Assignment: Give back, word for word, the lines in the listing below from the one holding "Ragazza con out" down to the one holding "pretty woman demonstrating", both ends included.

Data:
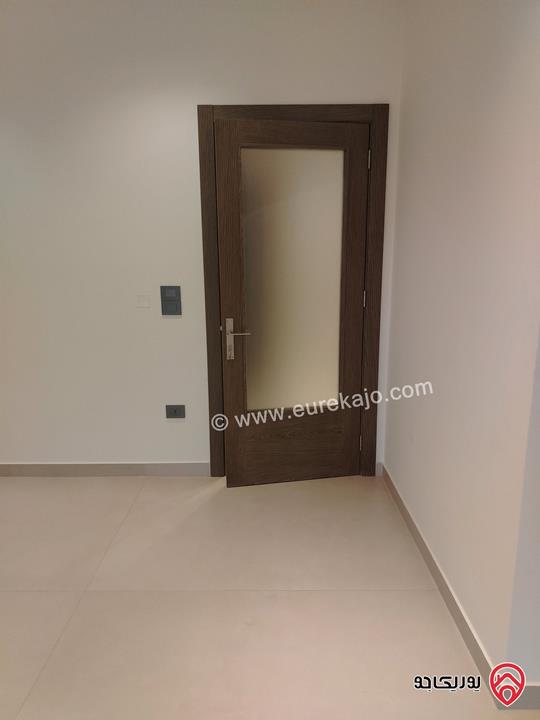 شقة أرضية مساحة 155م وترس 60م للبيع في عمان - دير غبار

---

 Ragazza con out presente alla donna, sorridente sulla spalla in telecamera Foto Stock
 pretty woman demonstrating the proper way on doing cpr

==

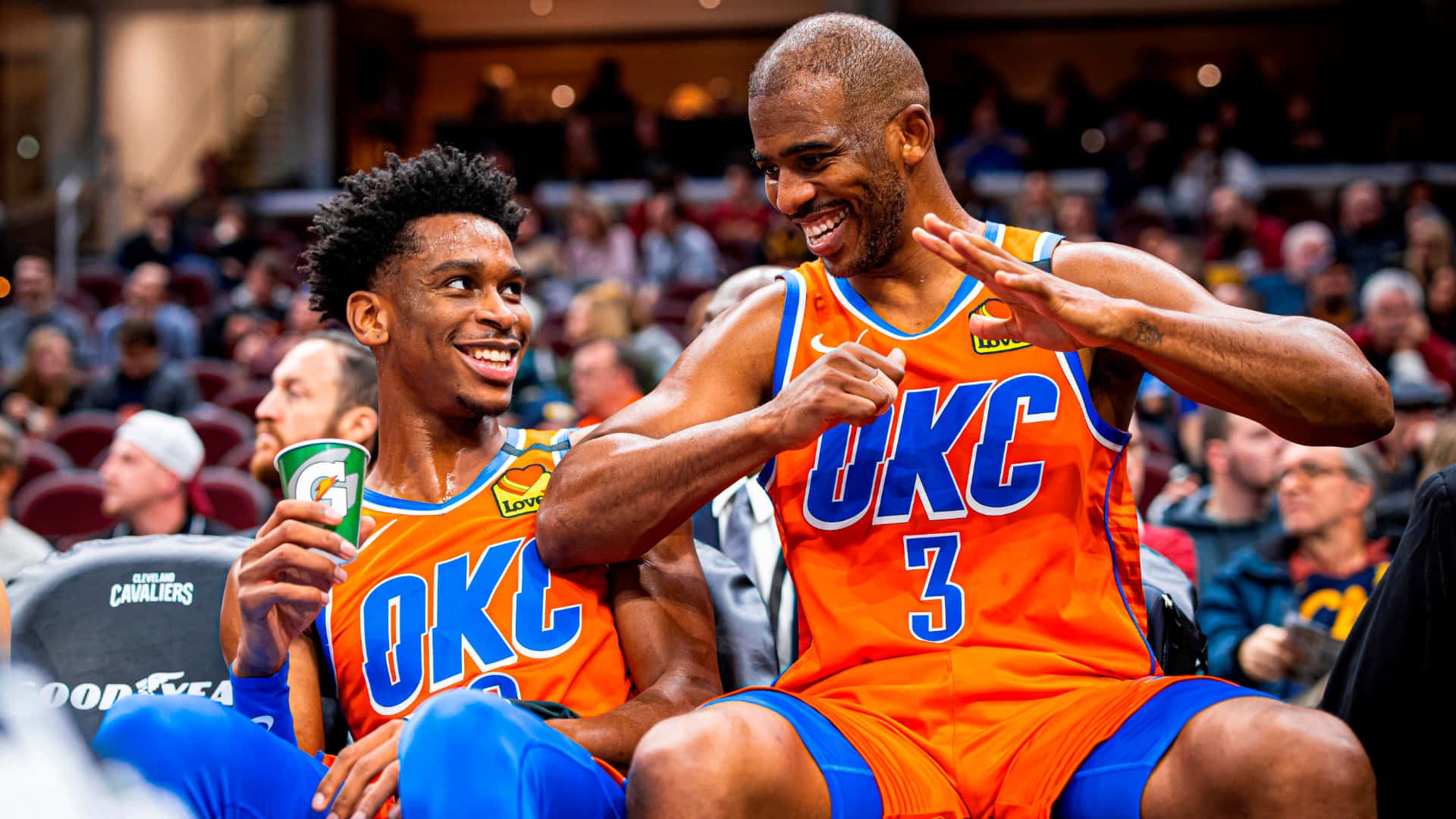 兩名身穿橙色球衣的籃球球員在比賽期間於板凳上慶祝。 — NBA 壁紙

Task response:
 Ragazza con out presente alla donna, sorridente sulla spalla in telecamera Foto Stock
 pretty woman demonstrating the proper way on doing cpr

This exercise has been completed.